**Information provided**
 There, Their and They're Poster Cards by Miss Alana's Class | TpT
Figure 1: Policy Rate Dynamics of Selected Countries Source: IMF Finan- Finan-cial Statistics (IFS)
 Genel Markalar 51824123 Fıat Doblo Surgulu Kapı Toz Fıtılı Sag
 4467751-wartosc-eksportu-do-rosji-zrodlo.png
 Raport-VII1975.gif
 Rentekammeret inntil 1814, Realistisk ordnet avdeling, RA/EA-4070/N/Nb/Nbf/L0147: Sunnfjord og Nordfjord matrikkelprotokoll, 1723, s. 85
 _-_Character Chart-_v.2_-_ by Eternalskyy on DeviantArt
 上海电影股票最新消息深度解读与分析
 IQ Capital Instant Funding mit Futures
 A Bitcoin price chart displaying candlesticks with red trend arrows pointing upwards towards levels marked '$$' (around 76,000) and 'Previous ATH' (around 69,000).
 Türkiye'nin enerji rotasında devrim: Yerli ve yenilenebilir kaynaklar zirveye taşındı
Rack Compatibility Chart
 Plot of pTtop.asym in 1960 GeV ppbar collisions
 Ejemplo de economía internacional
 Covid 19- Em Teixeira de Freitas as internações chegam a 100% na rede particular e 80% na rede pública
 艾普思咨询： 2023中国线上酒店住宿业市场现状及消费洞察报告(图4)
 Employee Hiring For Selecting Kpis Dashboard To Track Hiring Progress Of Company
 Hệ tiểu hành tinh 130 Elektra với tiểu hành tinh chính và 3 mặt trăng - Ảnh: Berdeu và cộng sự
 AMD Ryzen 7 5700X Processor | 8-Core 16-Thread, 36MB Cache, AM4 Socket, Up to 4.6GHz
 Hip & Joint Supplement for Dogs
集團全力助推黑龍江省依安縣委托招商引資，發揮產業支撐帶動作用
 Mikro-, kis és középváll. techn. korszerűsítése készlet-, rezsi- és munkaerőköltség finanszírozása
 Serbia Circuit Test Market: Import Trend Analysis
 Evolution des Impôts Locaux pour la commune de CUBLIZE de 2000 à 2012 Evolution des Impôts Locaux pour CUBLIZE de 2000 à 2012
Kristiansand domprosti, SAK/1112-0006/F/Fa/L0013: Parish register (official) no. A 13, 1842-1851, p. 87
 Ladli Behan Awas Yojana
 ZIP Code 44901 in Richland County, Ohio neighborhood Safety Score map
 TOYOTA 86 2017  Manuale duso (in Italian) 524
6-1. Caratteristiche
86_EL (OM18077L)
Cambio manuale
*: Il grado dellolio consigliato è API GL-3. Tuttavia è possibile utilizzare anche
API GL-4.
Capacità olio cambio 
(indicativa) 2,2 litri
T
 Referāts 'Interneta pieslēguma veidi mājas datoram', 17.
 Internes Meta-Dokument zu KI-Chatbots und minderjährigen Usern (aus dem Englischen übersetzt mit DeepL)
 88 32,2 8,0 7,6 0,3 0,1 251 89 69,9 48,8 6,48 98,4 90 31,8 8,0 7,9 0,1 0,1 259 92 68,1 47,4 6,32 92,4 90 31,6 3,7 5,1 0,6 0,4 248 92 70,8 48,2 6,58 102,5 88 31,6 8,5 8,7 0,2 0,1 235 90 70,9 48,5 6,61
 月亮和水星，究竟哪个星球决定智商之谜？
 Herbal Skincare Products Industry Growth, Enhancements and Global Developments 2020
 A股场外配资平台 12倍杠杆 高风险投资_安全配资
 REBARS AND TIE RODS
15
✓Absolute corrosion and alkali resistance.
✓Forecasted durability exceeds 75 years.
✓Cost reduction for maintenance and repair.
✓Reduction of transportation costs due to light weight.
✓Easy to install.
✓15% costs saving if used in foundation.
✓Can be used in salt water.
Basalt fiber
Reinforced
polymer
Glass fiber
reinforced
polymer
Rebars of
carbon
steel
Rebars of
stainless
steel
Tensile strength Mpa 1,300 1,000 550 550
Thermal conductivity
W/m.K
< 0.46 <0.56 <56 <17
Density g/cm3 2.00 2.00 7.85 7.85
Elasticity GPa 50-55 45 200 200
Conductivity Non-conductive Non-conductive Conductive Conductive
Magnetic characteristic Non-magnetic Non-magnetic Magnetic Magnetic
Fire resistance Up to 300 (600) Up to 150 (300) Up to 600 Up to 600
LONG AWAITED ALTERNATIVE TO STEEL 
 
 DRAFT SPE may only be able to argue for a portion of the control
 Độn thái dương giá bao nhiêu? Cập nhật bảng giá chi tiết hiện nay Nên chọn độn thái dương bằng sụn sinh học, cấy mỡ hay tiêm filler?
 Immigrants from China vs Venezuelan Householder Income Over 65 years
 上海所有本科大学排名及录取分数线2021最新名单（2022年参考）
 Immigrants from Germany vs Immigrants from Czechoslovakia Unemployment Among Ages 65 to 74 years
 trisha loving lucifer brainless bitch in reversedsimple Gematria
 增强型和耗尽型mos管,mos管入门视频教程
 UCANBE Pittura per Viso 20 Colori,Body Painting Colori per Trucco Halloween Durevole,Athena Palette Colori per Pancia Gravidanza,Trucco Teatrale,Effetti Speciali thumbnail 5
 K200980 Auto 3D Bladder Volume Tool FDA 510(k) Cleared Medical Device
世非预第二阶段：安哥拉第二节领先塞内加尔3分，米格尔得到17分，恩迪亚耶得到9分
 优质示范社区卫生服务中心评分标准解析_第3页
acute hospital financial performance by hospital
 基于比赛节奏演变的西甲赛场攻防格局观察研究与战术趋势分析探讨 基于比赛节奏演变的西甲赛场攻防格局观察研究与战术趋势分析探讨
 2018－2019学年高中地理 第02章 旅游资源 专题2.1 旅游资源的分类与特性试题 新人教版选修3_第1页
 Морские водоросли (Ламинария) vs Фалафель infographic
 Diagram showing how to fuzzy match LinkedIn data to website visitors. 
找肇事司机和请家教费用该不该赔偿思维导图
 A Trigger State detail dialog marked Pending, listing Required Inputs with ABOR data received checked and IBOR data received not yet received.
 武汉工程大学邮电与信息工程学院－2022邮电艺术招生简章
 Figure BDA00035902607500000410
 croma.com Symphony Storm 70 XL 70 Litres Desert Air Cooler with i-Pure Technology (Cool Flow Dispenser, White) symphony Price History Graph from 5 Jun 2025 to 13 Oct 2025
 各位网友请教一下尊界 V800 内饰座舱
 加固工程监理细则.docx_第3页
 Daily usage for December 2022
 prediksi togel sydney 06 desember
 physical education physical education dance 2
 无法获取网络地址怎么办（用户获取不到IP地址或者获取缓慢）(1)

**Exercise requirements**
Counting only lines that contain the string "Immigrants", say how many appear in the listing above, with the number as the entire reply.

**Solution to this problem**
2